* **Exercise directions**
From the material below, reproduce exactly the stretch of lines that begins with the line holding "a cartoon drawing" and ends with the line holding "being used in journalism?", skipping the pictures.

* **Records to process**
⟨
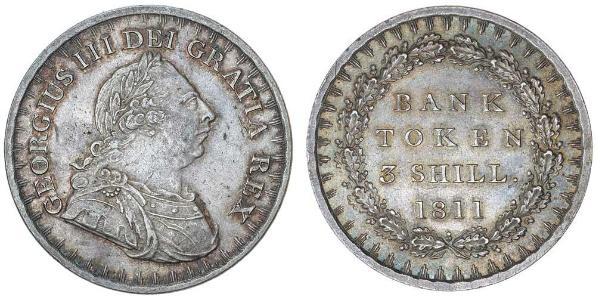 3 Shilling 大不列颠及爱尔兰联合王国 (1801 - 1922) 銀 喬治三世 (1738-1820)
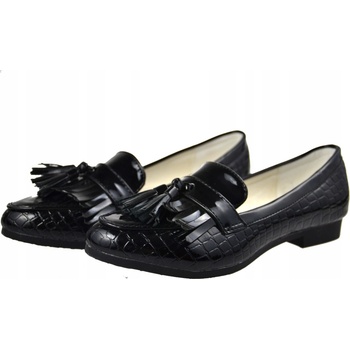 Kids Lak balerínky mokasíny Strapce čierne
⟩
⟨
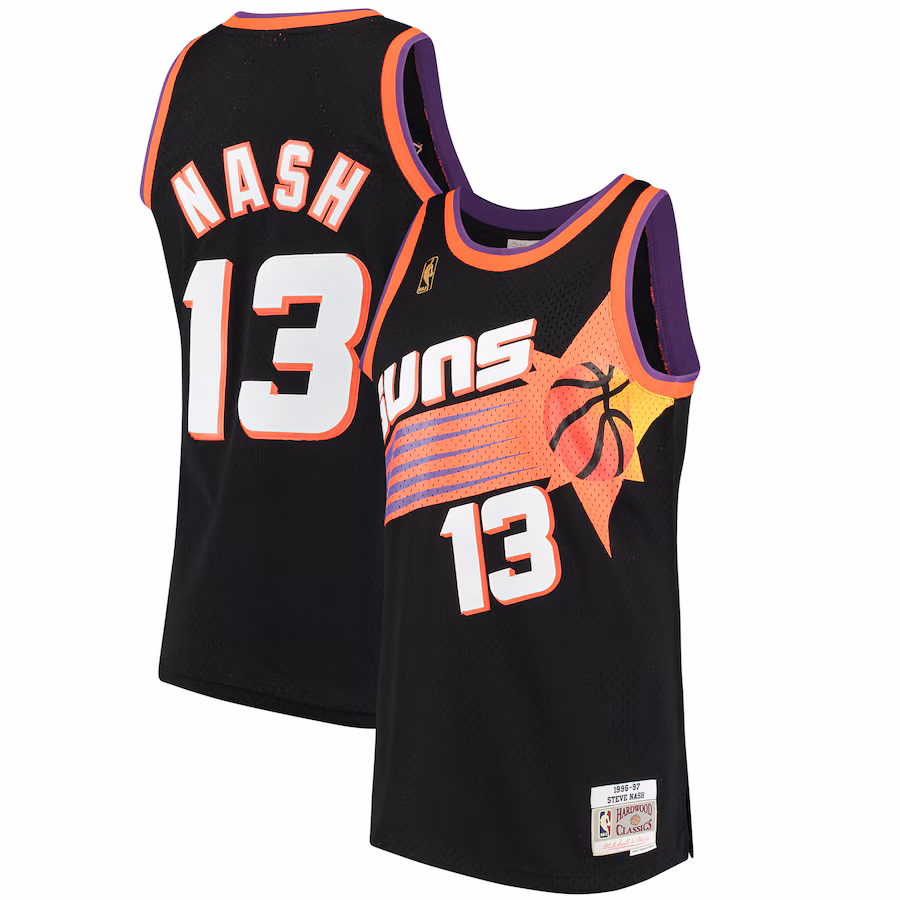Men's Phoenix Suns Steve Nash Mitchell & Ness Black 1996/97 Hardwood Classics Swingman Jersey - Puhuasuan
⟩
⟨
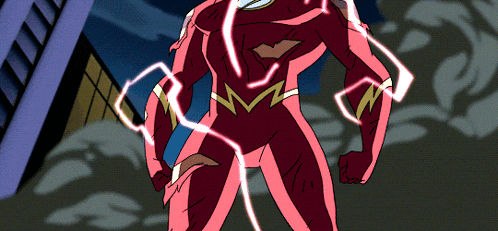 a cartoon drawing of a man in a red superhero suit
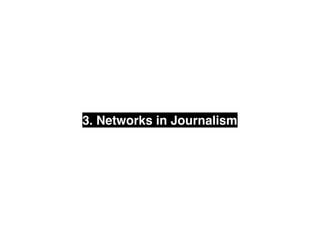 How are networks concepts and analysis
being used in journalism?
⟩
* **Exercise result**
 a cartoon drawing of a man in a red superhero suit
 How are networks concepts and analysis
being used in journalism?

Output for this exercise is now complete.